DESCRIPTION OF THE TASK:
The result should be a word-for-word retyping of the entries below, free of pictures.

[[ RECORDS SHOWN open ]]

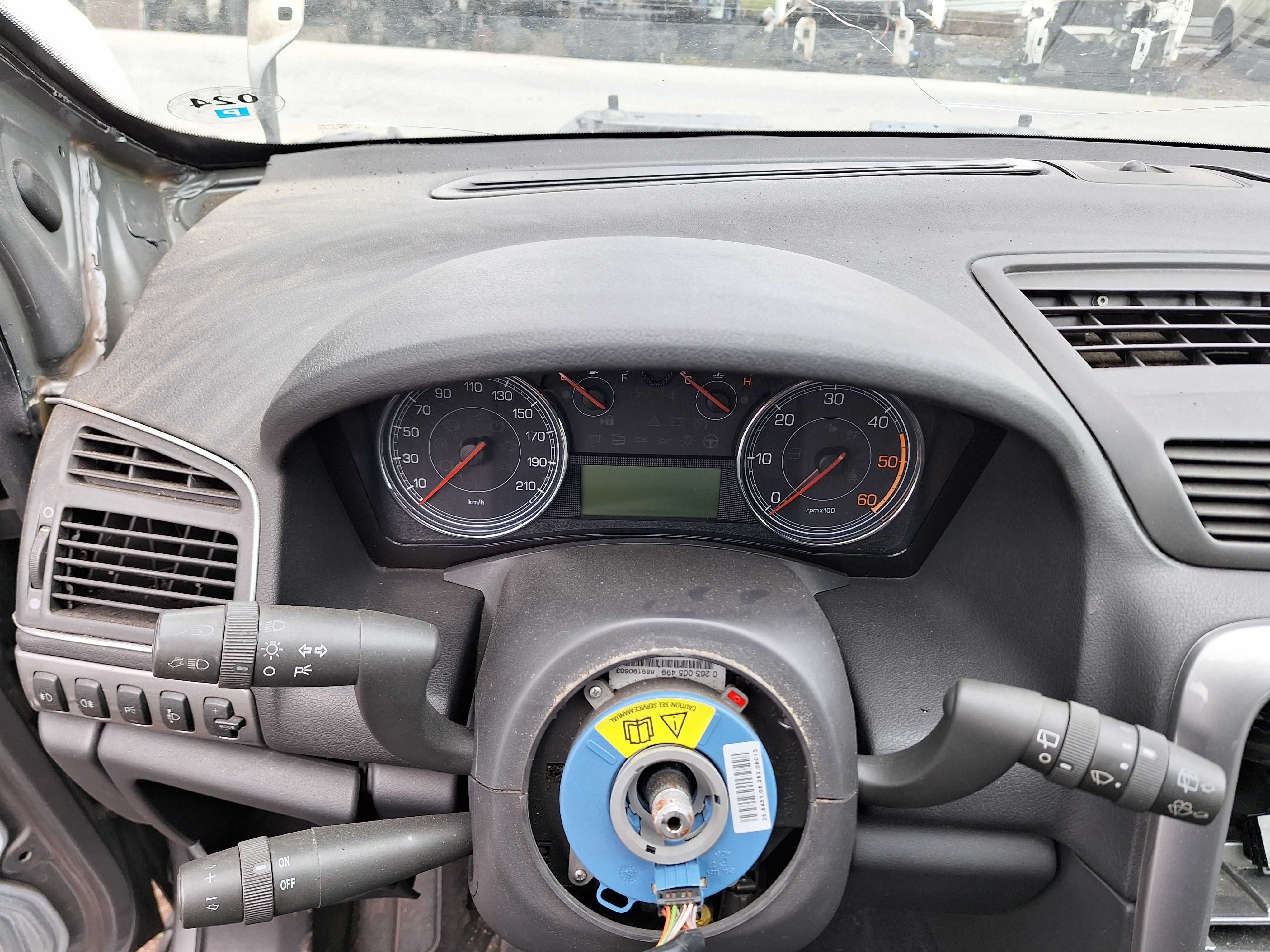 Deska rozdzielcza kokpit Fiat Croma II z 2009 roku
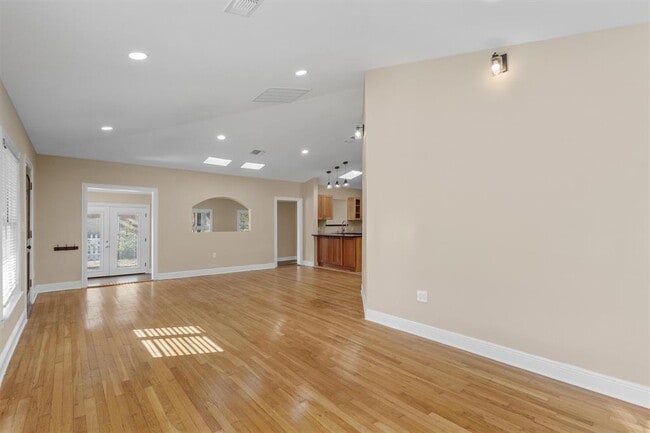 Building Photo - 400 E Monroe St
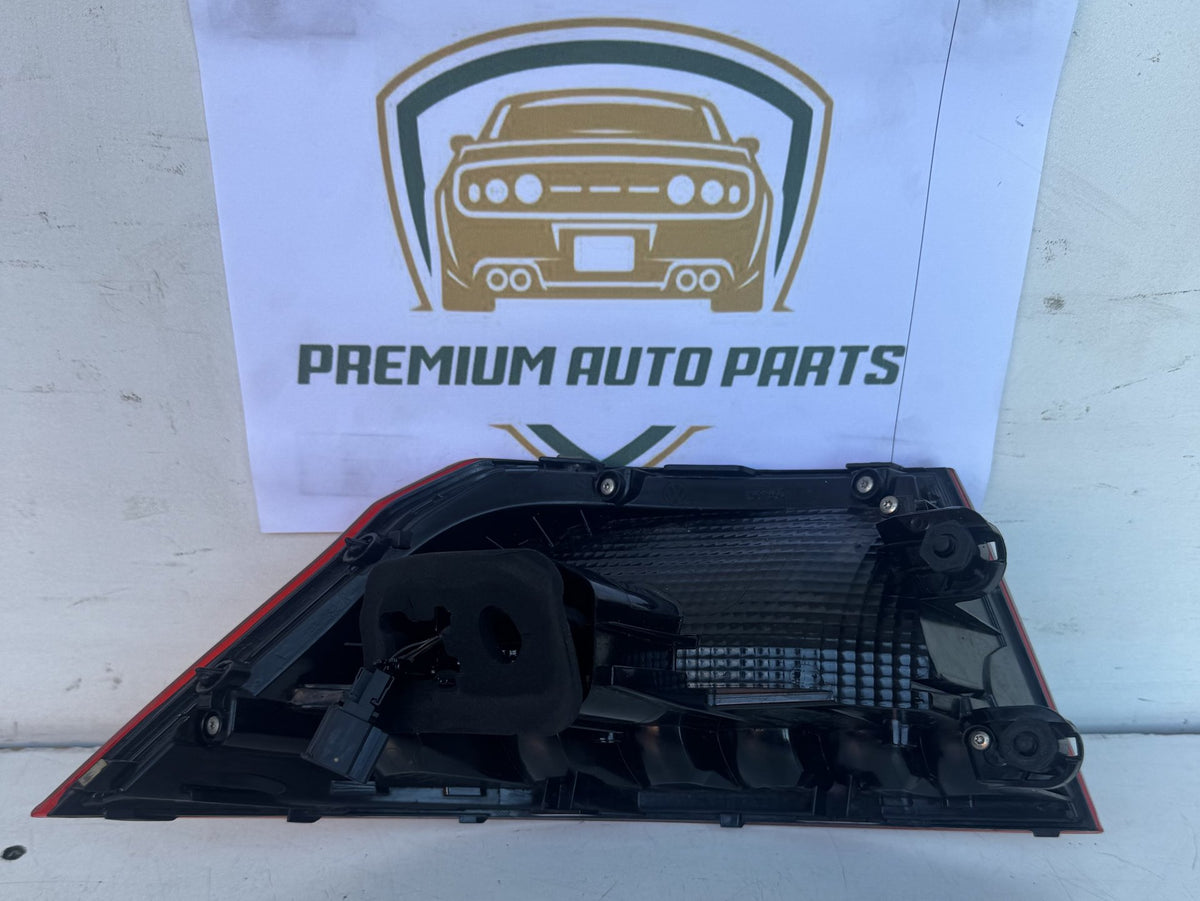 2018 Volkswagen Passat - Right Taillight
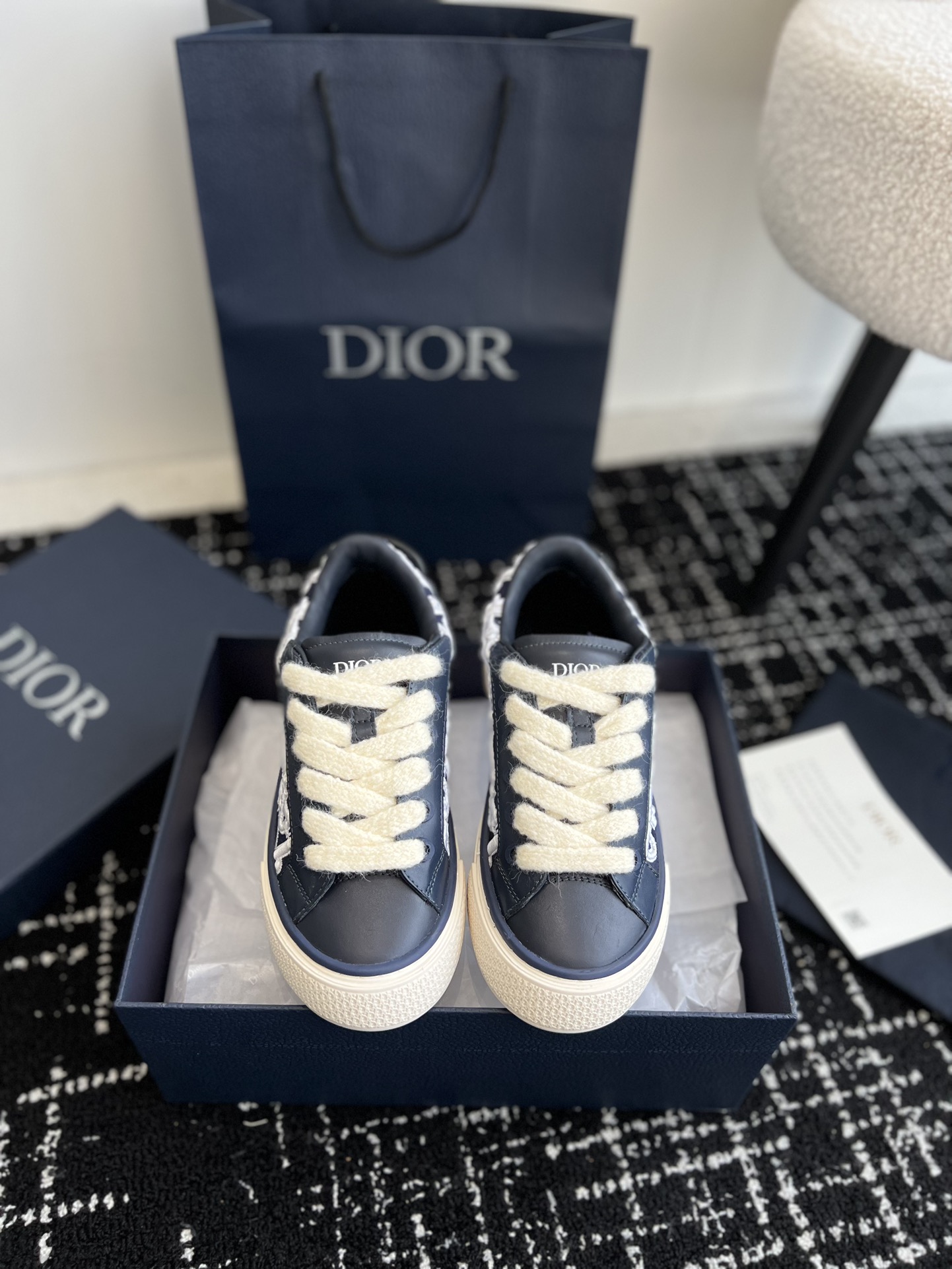 Dior AAAAA+
 Skateboard Shoes Sneakers Casual Shoes White Printing Horsehair Rubber Weave Oblique Casual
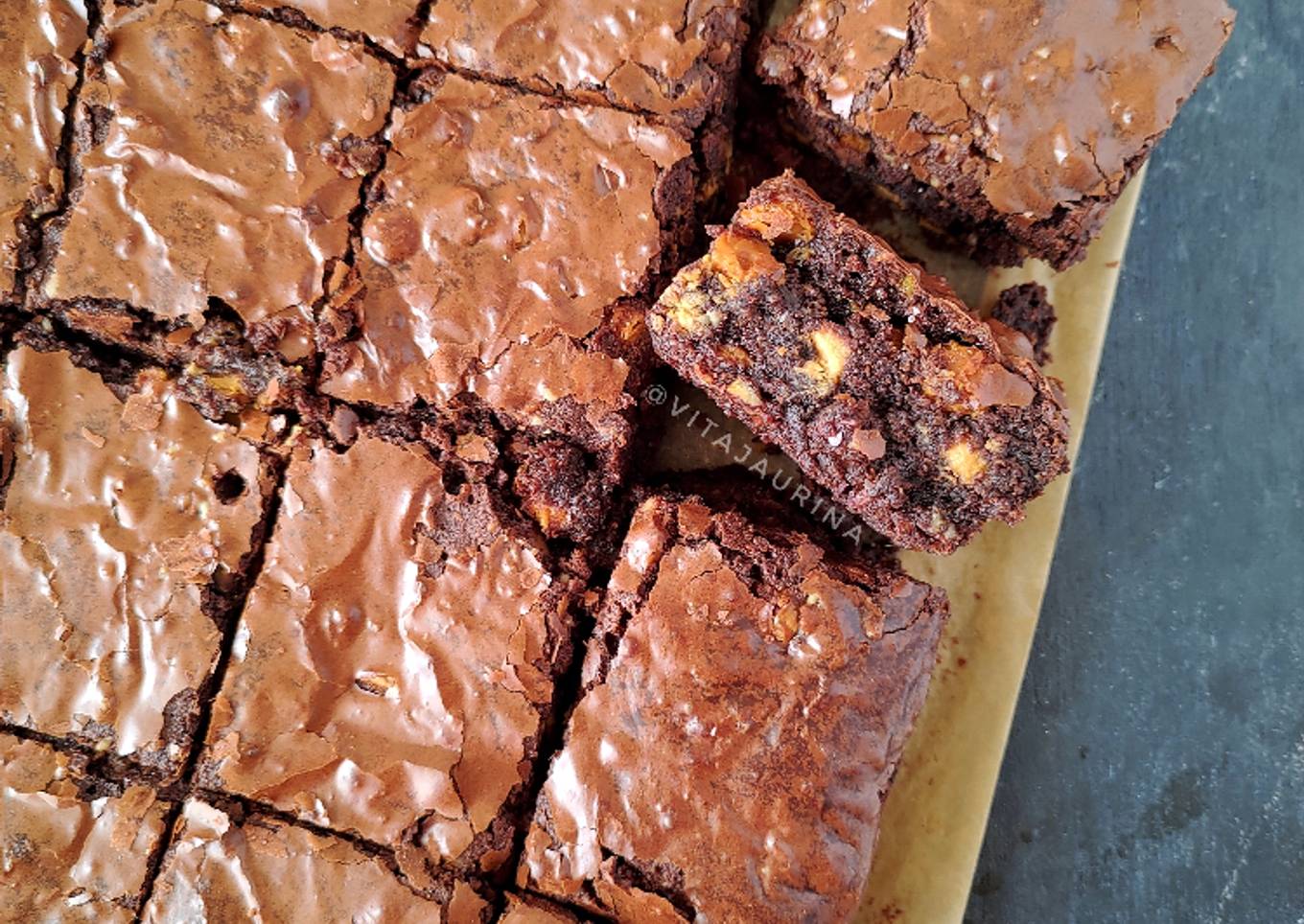 Almond and Pistachio Brownies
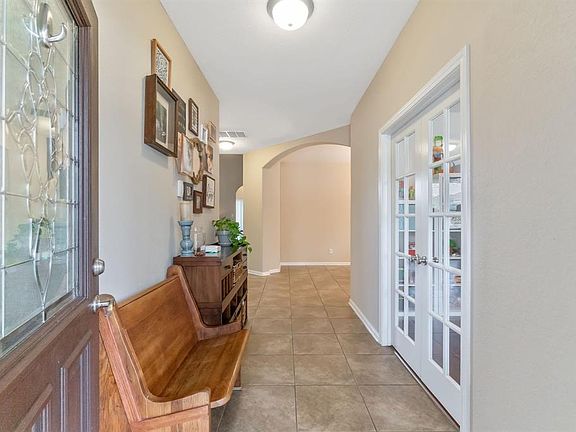 5th image of 102 N Hawkhurst Cir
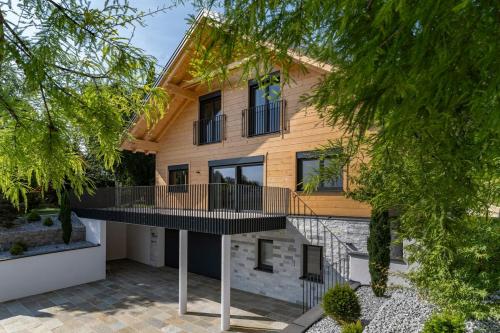 a house with a balcony on the side of it at Chalet Kremstalblick in Neuhofen an der Krems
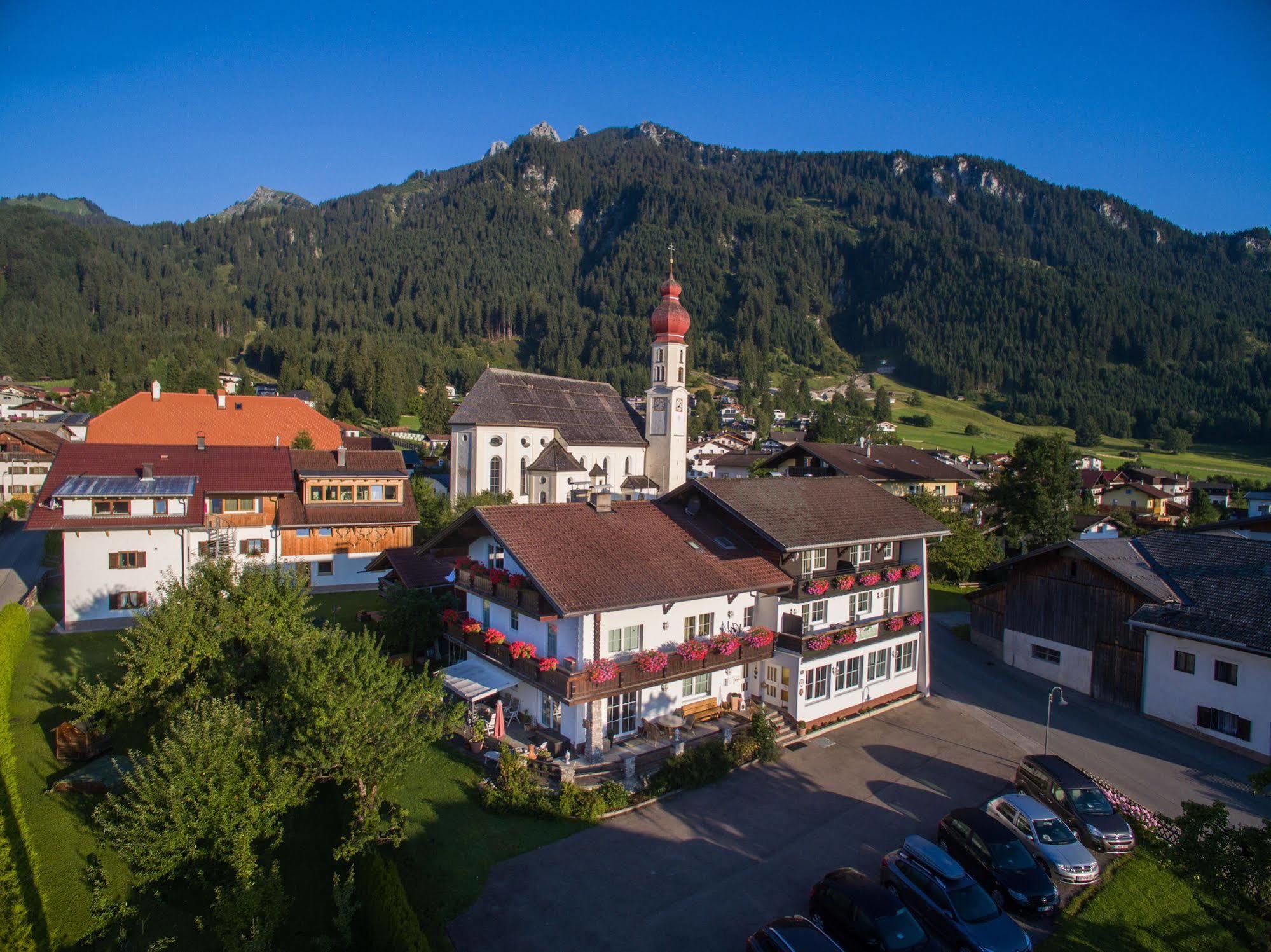 الشقق الفندقية روتتهفي  Alpenhof Waengle المظهر الخارجي الصورة
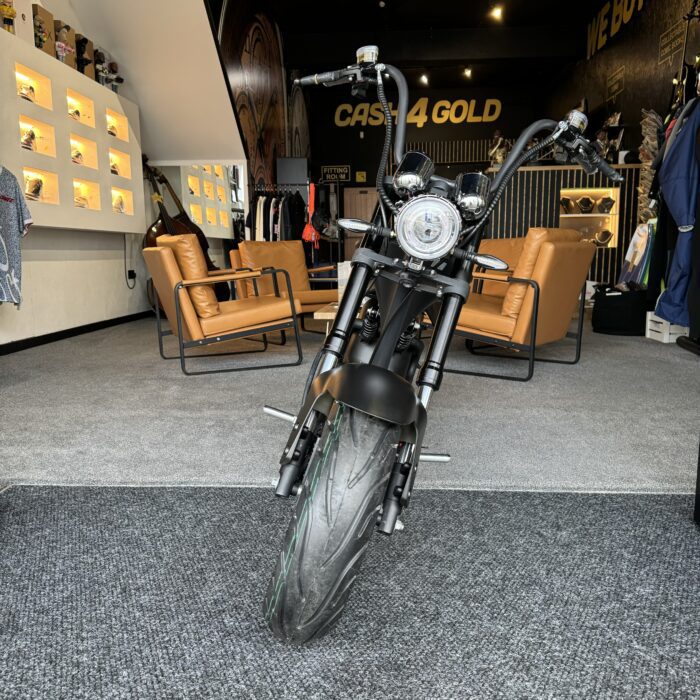 Mangosteen Electric Chopper Bike in Matte Black - Image 3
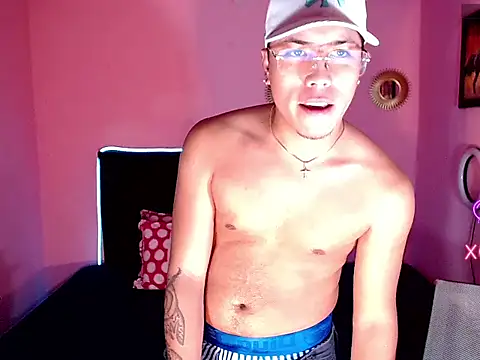 Snapshot of david__hot_7 chatting on 9, 10, 2025 david hot 7 online show from 9, 10, 2025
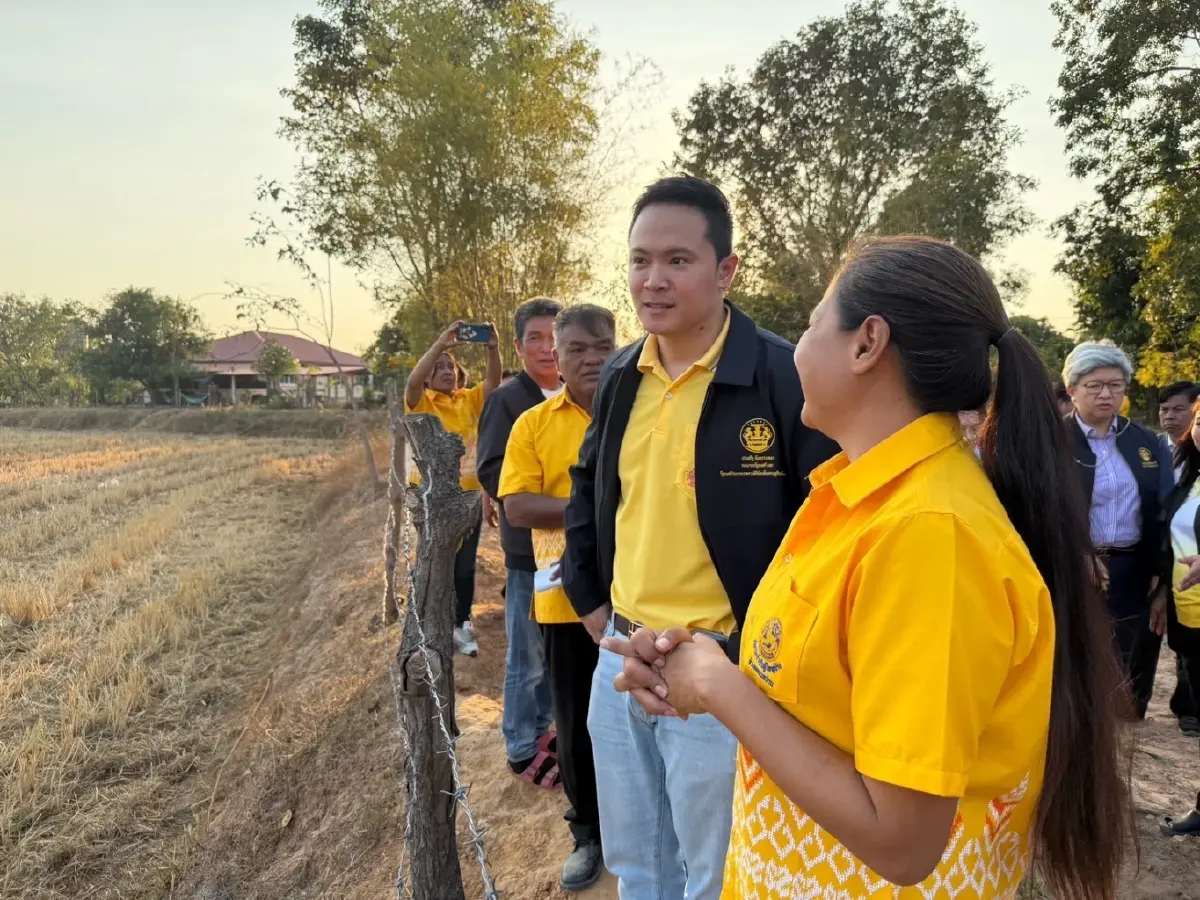 รองเลขานายกฯ ลงพื้นที่อีสานแก้ฝุ่น-เด็กหลุดการศึกษา พัฒนาถนน-แหล่งน้ำ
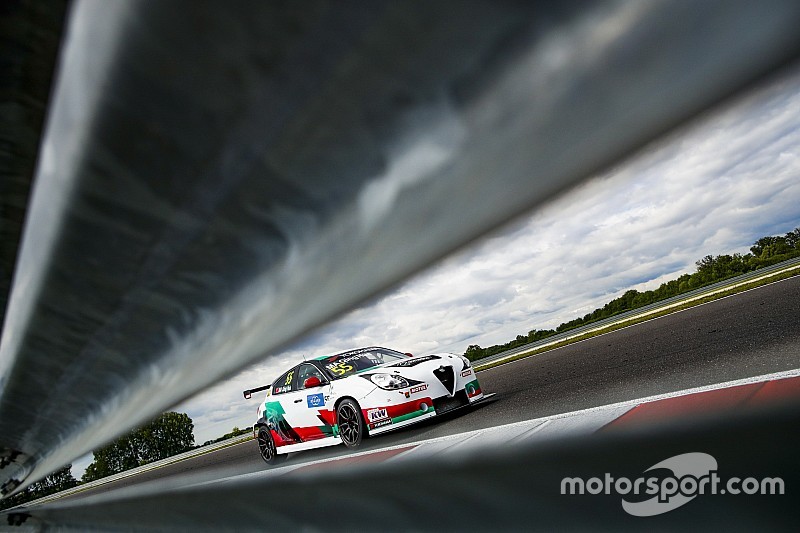 Джиролами на Honda и Ма Циньхуа на Alfa выиграли гонки на этапе WTCR в Словакии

[[ RECORDS SHOWN closed ]]

THE COMPLETED TASK:
 Deska rozdzielcza kokpit Fiat Croma II z 2009 roku
 Building Photo - 400 E Monroe St
 2018 Volkswagen Passat - Right Taillight
 Dior AAAAA+
 Skateboard Shoes Sneakers Casual Shoes White Printing Horsehair Rubber Weave Oblique Casual
 Almond and Pistachio Brownies
 5th image of 102 N Hawkhurst Cir
 a house with a balcony on the side of it at Chalet Kremstalblick in Neuhofen an der Krems
 الشقق الفندقية روتتهفي  Alpenhof Waengle المظهر الخارجي الصورة
 Mangosteen Electric Chopper Bike in Matte Black - Image 3
 Snapshot of david__hot_7 chatting on 9, 10, 2025 david hot 7 online show from 9, 10, 2025
 รองเลขานายกฯ ลงพื้นที่อีสานแก้ฝุ่น-เด็กหลุดการศึกษา พัฒนาถนน-แหล่งน้ำ
 Джиролами на Honda и Ма Циньхуа на Alfa выиграли гонки на этапе WTCR в Словакии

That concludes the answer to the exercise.